*PROBLEM TO SOLVE*. All lines holding the word "picture" should be located in the records and copied.

Saved entries:
----
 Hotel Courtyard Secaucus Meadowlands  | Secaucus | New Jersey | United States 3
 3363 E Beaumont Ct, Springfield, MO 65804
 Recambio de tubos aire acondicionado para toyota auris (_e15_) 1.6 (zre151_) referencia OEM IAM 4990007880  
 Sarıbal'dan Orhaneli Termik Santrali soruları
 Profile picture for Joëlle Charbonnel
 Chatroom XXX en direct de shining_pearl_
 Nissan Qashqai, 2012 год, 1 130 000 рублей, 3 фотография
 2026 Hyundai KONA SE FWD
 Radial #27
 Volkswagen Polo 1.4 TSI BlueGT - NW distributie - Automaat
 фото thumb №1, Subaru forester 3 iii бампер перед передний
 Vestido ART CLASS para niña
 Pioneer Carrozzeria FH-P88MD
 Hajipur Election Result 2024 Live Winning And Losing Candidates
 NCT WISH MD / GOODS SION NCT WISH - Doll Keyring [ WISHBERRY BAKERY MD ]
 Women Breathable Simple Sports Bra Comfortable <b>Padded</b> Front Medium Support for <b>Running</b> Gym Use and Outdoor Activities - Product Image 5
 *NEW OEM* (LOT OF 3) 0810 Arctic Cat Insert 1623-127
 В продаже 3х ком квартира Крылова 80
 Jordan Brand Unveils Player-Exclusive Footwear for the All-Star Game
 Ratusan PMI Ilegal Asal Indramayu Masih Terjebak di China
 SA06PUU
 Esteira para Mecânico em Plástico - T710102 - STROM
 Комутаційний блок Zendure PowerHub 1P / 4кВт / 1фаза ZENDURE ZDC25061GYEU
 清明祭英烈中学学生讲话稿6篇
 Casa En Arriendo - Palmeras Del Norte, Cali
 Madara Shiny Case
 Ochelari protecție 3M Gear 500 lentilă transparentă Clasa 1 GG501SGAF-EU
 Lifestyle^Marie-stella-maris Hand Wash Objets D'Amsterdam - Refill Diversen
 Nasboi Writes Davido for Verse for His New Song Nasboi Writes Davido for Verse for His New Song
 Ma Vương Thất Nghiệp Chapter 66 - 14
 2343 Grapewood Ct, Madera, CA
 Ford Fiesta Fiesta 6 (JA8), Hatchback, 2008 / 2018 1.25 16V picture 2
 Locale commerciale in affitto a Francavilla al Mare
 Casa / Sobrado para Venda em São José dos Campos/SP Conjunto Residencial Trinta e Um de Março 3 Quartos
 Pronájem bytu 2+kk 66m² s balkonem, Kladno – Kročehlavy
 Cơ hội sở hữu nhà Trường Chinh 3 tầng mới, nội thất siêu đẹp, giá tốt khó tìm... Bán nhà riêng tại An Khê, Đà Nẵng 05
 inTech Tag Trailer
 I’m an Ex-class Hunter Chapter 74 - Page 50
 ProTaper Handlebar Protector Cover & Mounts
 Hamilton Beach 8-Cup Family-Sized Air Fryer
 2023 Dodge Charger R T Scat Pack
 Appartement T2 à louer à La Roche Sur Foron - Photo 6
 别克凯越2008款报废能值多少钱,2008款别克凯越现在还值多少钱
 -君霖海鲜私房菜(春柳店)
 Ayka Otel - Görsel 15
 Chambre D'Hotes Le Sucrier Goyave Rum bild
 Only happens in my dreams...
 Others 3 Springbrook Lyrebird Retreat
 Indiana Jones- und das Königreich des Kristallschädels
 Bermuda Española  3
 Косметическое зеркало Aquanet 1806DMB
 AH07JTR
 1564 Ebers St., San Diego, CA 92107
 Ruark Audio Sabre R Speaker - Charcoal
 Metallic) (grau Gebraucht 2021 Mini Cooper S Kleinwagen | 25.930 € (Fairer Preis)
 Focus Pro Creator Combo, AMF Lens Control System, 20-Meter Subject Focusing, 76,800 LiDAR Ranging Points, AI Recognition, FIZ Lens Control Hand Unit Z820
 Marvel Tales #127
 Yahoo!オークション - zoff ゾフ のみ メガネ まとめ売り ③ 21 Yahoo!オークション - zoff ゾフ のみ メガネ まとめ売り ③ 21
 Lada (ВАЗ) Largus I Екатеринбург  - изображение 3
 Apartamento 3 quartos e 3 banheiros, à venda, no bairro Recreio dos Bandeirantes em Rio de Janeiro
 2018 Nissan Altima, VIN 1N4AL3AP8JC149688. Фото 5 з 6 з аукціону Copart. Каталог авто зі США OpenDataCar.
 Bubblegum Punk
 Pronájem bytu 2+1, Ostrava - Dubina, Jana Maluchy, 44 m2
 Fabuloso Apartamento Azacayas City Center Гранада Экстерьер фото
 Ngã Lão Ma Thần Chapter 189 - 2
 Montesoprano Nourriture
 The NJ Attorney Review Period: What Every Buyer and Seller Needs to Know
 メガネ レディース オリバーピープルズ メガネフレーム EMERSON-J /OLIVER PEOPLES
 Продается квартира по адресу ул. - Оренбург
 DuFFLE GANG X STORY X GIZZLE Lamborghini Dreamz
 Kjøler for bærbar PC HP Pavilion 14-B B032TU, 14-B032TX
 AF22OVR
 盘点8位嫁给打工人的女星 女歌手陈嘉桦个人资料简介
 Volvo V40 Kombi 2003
----
*TASK OUTPUT*.
 Profile picture for Joëlle Charbonnel
 Ford Fiesta Fiesta 6 (JA8), Hatchback, 2008 / 2018 1.25 16V picture 2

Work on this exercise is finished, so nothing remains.